Ahmed-i Kuddûsî ve Gönül Aynası
18 ve 19. yüzyılın önde gelen isimlerinden olan Ahmed-i Kuddûsî, döneminin aşk ile yoğrulan sûfîlerinden kabul edilmiştir. Dîvân’ındaki şiirleri ve diğer eserlerinde dile getirdiği hakîkatlerle gönül dünyamıza yön veren müelliflerden biri olan Kuddûsî, Nakşbendiyye Tarikatı’nın Hâlidyye koluna intisabının ardından kendisini vuslata ulaştıran asıl yol olarak Kâdiriyye Tarikatı’nı seçmiştir.
Mecâzî aşktan ilâhî aşka yol bulan Ahmed-i Kuddûsî, yetiştirdiği talebeleri ve eserleri ile aramızda yaşamaya devam etmektedir.

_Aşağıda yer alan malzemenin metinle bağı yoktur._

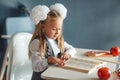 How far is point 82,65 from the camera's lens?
1.42 m

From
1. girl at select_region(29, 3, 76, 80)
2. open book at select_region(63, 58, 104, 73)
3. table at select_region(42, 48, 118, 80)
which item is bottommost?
table at select_region(42, 48, 118, 80)

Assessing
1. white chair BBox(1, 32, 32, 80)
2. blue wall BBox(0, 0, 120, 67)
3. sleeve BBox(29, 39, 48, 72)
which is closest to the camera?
sleeve BBox(29, 39, 48, 72)

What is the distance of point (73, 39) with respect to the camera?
3504 mm

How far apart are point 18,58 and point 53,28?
0.98 feet

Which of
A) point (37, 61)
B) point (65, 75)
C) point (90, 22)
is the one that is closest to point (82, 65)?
point (65, 75)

Ahmed-i Kuddûsî’nin Hayat Serüveni ve Dîvân’ı
11831769’da Niğde’nin Bor ilçesinde doğan Ahmed-i Kuddûsî’nin babası Maraş’tan Niğde’ye gelerek buraya yerleşen Nakşbendî şeyhi Hacı İbrâhîm Efendi’dir.[1] Kuddûsî, ilk eğitimini (maddî ve mânevî olarak) babasından alır. 1786’da babasının vefatı üzerine Bor’dan ayrılıp önce Turhal’a ardından Erzincan ve Kayseri’ye gider.
Buralardaki meşâyih ile görüşmeler yapan Kuddûsî, Şam ve Mısır’ı da ziyaret eder. Daha sonra Hicaz’a giden Kuddûsî, 17 yıl Mekke-i Mükerreme’de ikâmet eder. Mânevî bir işaretle Anadolu’ya dönen Ahmed Efendi, 1807-1810 yılları arasında gerçekleşen Osmanlı-Rus Savaşına ve Balkan Harbine katılır. Şumnu’da bir müddet ikâmet eden Kuddûsî, dönüşte Bor’da bir zaviye açarak insanları irşâd etmeye başlar.
Dildeki mahâreti nedeniyle hatipliği ve özellikle şiirleri ile insanlar üzerinde etkili olan Ahmed-i Kuddûsî, uğradığı ağır iftiralar nedeniyle 13 yıl zâviyesinden çıkamaz ve 1265/1849’da burada vefat eder.[2]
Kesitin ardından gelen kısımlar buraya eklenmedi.